Over 40 neuroscientists, including one from India, have resigned en masse from the editorial board of a top research journal in protest against what they view as excessive processing charges levied on scientists for publishing open-access research papers.
Arpan Banerjee at the National Brain Research Centre in Manesar (Haryana) is among those who have quit NeuroImage, a journal published by Elsevier, an international publishing company. Some of those who quit have decided to start a new non-profit journal to be called Imaging Neuroscience.
“NeuroImage’s editorial team has tried to convince Elsevier to reduce the publication fee from $3,450 as we believe large profit is unethical and unsustainable,” those who stepped down have said in a statement released on Twitter. “Elsevier is unwilling to reduce the fee, therefore, with great regret, all editors (more than 40 academic editors) of NeuroImage and NeuroImage: Reports have resigned.”
NeuroImage and its companion journal NeuroImage: Reports publish research papers aimed at gaining insights into the brain’s structure and functions.
Academic editors are typically top scientists in specific fields — in this case, neuroscience — who help guide decisions on which research papers the journal should publish. They are often faculty members at leading academic institutions.
The mass resignation, which some scientists say is unprecedented in academic journals, is centred on the contentious issue of charges that scientists have to pay to publish in so-called open-access research papers that are available free of charge to anyone.
Elsevier, based in the Netherlands, had set the processing charge at $3,450 per article.

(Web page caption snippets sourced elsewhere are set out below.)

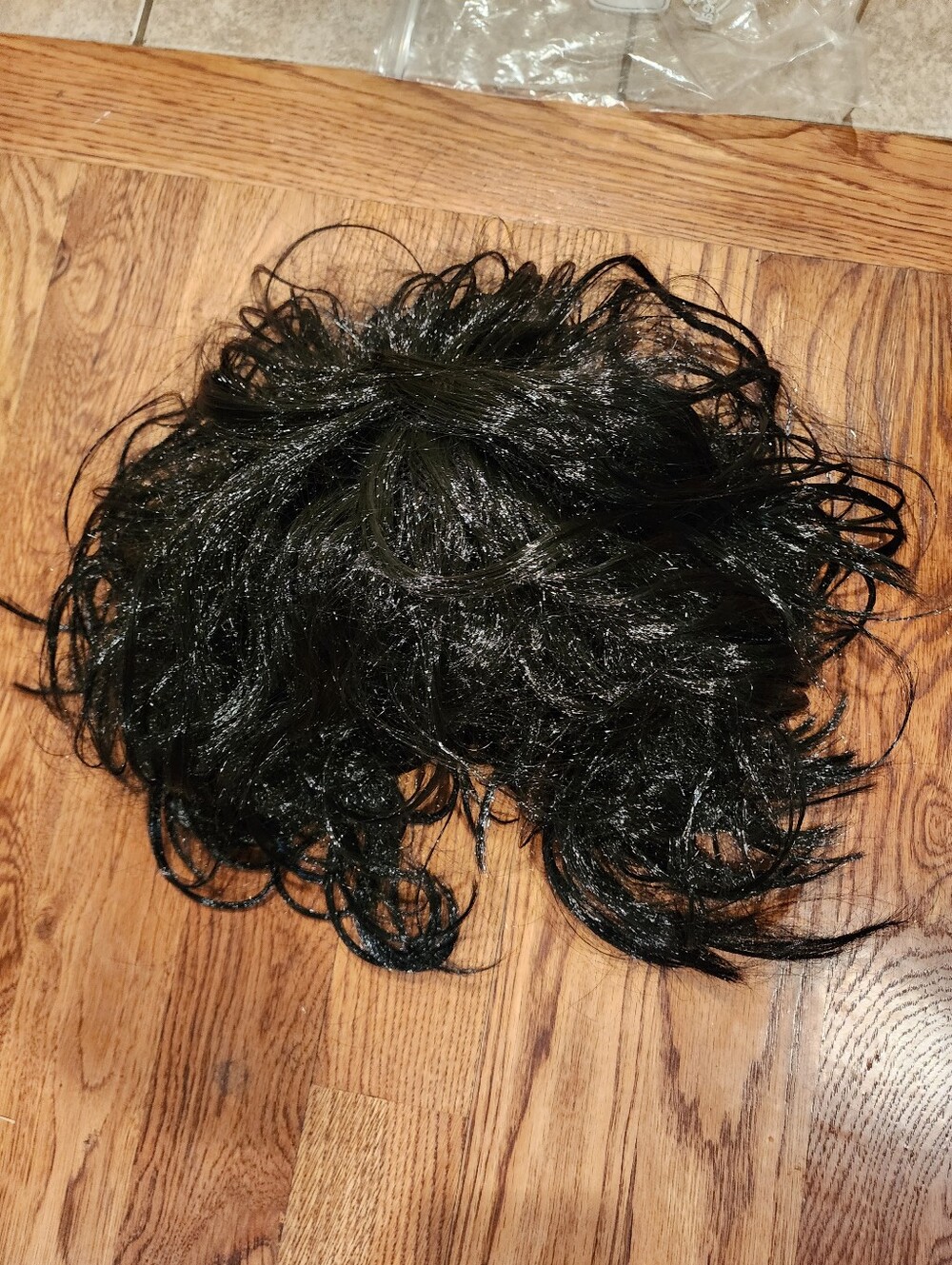Spirit Halloween Cleopatra Costume Adult XS Queen of the Nile Wig Headpiece Set - Picture 11 of 13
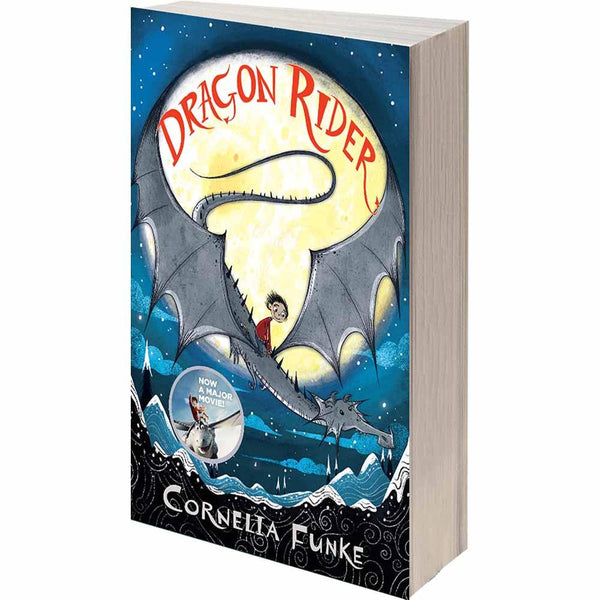 Dragon Rider, The #01 (Cornelia Funke) Scholastic UK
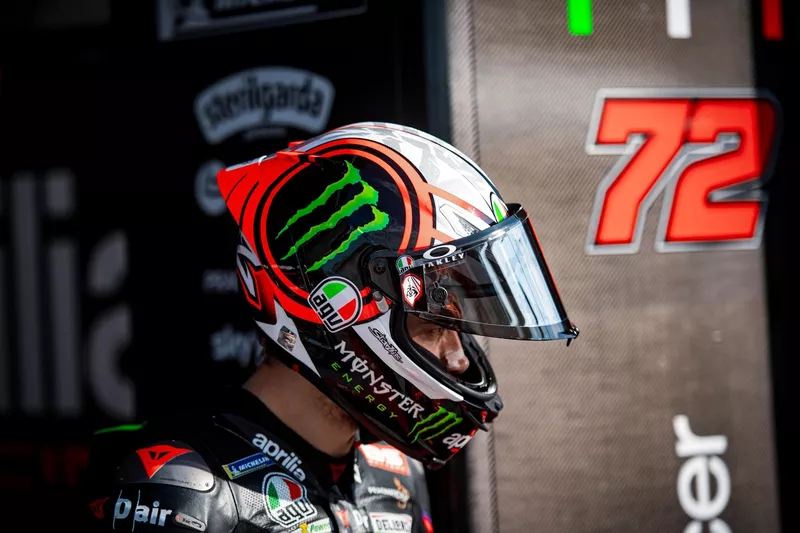 Marco Bezzecchi, Aprilia Racing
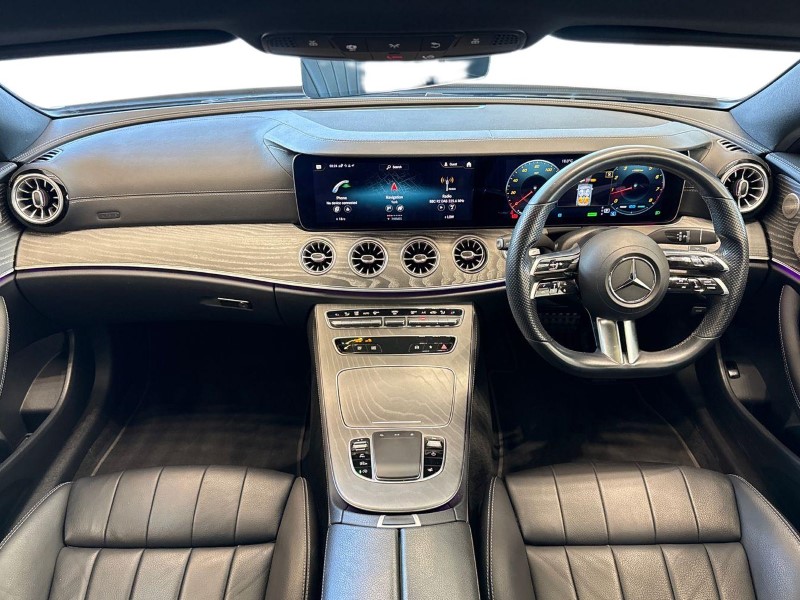 Used Mercedes-Benz E Class 2022 for sale - 77116183: Photo 9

The scientists who have resigned said compared against this fee, estimates of direct article costs at relevant journals are generally around $1,000 or lower.
“Scientists and funders (funding agencies) increasingly feel it is wrong for publishers to make such high profits, particularly given that publishers do not fund the original science, or the writing of articles, or payments to reviewers, and pay minimal editorial stipends,” they said in their statement.
Elsevier, in a statement on the journal’s website, said it was “disappointed” with the editors’ decision to step down from their roles as the company has been “engaging constructively” with them over the past couple of years since they took the decision to make NeuroImage a fully open-access journal.
“In line with our policy of our setting article publishing charges competitively below the market average relative to quality,” Elsevier has said, “the fee that has been set for fully open-access NeuroImage is below that of the nearest comparable journal in its field”.
“We’re not saying publishing houses shouldn’t make money, we’re not anti-profit,” said Banerjee, who was a NeuroImage editorial board member. “But some publishing houses appear to be making excessive profits from taxpayers since much of research is funded by government agencies in most countries.”